It appears from the record that one Antonia Gustilo was originally the owner of the Malago or Mercedes plantation in the municipality of Sarabia, Occidental Negros, under Torrens transfer certificates of title Nos. 719 and 720. These certificates bear a memorandum of a mortgage executed on April 30, 1918, in favor of the Philippine National Bank for the sum of P8,000, with interest at 8 per cent per annum, and for the term of ten years. On August 3, 1918, Antonia Gustilo leased the property for the term of seven years to the plaintiff Vicente Ardosa at an annual rent of P1,000. The lease is evidenced by a notarial document Exhibit G, and it is recited therein that Ardosa paid the rent in advance for the whole term of the lease, or a total sum of P7,000. By notarial document Exhibit D, executed on the 10th of the same month, Ardosa subleased the plantation to the plaintiff Felix Montinola Celis for three agricultural years, or until June 30, 1921. The term of the sublease was subsequently, on August 15, 1921, by a private document or "receipt" extended so as to embrace the full term of the original lease.

On August 8, 1920, Antonia Gustilo executed a deed of sale for the property in favor of the plaintiff Mercedes Gustilo, the consideration named in the deed being P30,000, the purchaser assuming the mortgage debt to the Philippine National Bank (Exhibit 1). As Antonia's certificates of title were in the possession of the bank, no transfer certificates appear to have been issued in favor of Mercedes.

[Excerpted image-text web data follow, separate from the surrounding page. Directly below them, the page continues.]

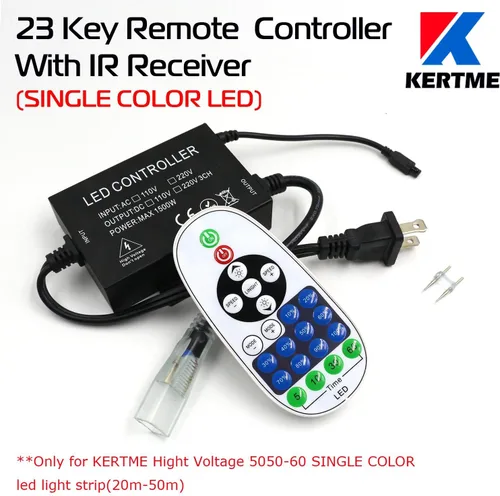 Vista 5 de KERTME Tira de luces LED 5050-60 tipo CA de 110-120 V flexible impermeable regulable multimodos de luz LED control remoto de 23 teclas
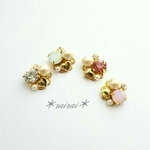 705＊rairai＊大人可愛いハートビジューピアス・イヤリング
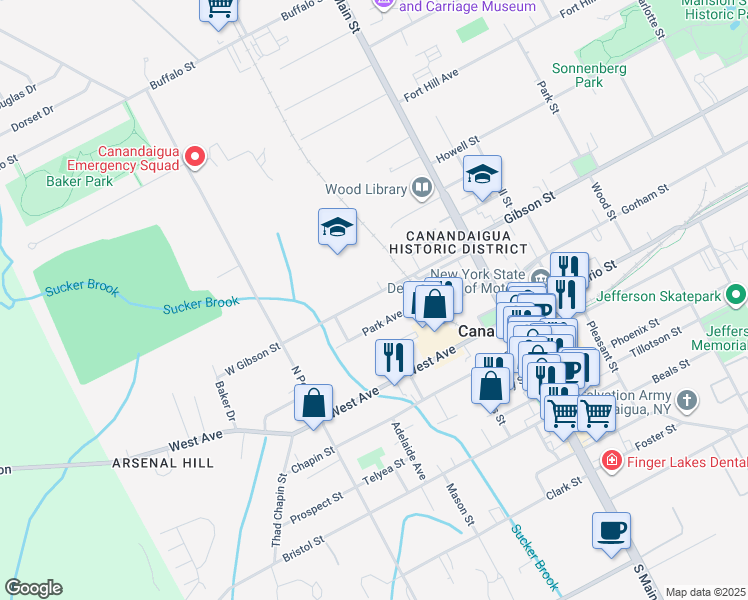 map of restaurants, bars, coffee shops, grocery stores, and more near 108 Park Avenue in Canandaigua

On November 24, 1920, Antonia and Mercedes Gustilo executed a second mortgage on the same property in favor of the defendant Herminio Maravilla for the sum of P25,000, and for the term of one year from the date of the document. Upon the expiration of the term, the debt secured by the mortgage was paid with money alleged to have been furnished by Jose Maravilla, a cousin of the defendant, and another mortgage was on January 4, 1922, executed in Jose's favor for P28,000, representing the original debt of P25,000 with interest.

When the debt secured by the last mortgage fell due, Herminio Maravilla, in the name of Jose Maravilla, demanded payment which Mercedes Gustilo was unable to make and it was finally agreed between the parties that the title to the plantation was to be transferred to the defendant in full satisfaction of the debt, the defendant assuming the debt to the National Bank. A deed to that effect was thereupon executed by Mercedes Gustilo and her husband, the plaintiff Leopoldo Jereza, in favor of the defendant on August 9, 1922 (Exhibit A).

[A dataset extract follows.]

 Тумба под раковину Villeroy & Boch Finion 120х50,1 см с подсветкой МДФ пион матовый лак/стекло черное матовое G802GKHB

In the meantime Felix Montinola remained in possession of the plantation by virtue of his sublease and in a letter dated September 21, 1922, the defendant notified him that he would be required to pay 12 per cent of the total sugar production of the plantation as rent. Relying on the lease from Antonia Gustilo to Ardosa and his own sublease from the latter, Montinola refused to pay rent to the defendant, and in December, 1922, jointly with Mercedes Gustilo and Vicente Ardosa, brought the present action.

In the complaint the plaintiffs in substance allege the facts hereinbefore set forth and, in addition thereto, aver that though in the deed from Mercedes Gustilo and Leopoldo Jereza to the defendant no mention was made of the lease to Ardosa and Montinola, the defendant by false statements led Mercedes Gustilo to believe that he would nevertheless respect the lease, and that in this belief she and her husband executed the deed. Upon the facts so stated, the plaintiffs pray that judgment be rendered declaring that the defendant has no right to the crop growing on the hacienda and to collect rents during the duration of the term of the lease to Ardosa; that it be further declared that said lease is an incumbrance upon the property which the defendant has bound himself to respect, and that it be ordered that said lease be noted on the transfer certificate of title issued in favor of the defendant.

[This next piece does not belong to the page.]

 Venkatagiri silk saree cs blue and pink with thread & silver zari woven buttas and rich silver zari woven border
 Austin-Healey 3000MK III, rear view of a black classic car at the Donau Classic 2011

The defendant in his answer denies the allegations of the complaint and, by way of cross-complaint and counter-claim, alleges that at the time of his purchase of the plantation, he had no knowledge of the existence of a lease on the property; that if he had had such knowledge, he would not have made the purchase; that the plaintiffs fraudulently concealed from him the existence of the lease; that subsequently to the purchase he has paid to the Philippine National Bank the sum of P1,253.19 on the mortgage assumed by him through his purchase of the land; and that he has paid the sum of P573.74 in back taxes on the land which should have been paid by the vendors. He therefore asks that the contract of sale of the plantation to him be declared rescinded and that judgment be rendered against the plaintiffs for the sum of P1,253.19 for payments made to the Philippine National Bank, and for the further sum of P573.74 for back taxes paid.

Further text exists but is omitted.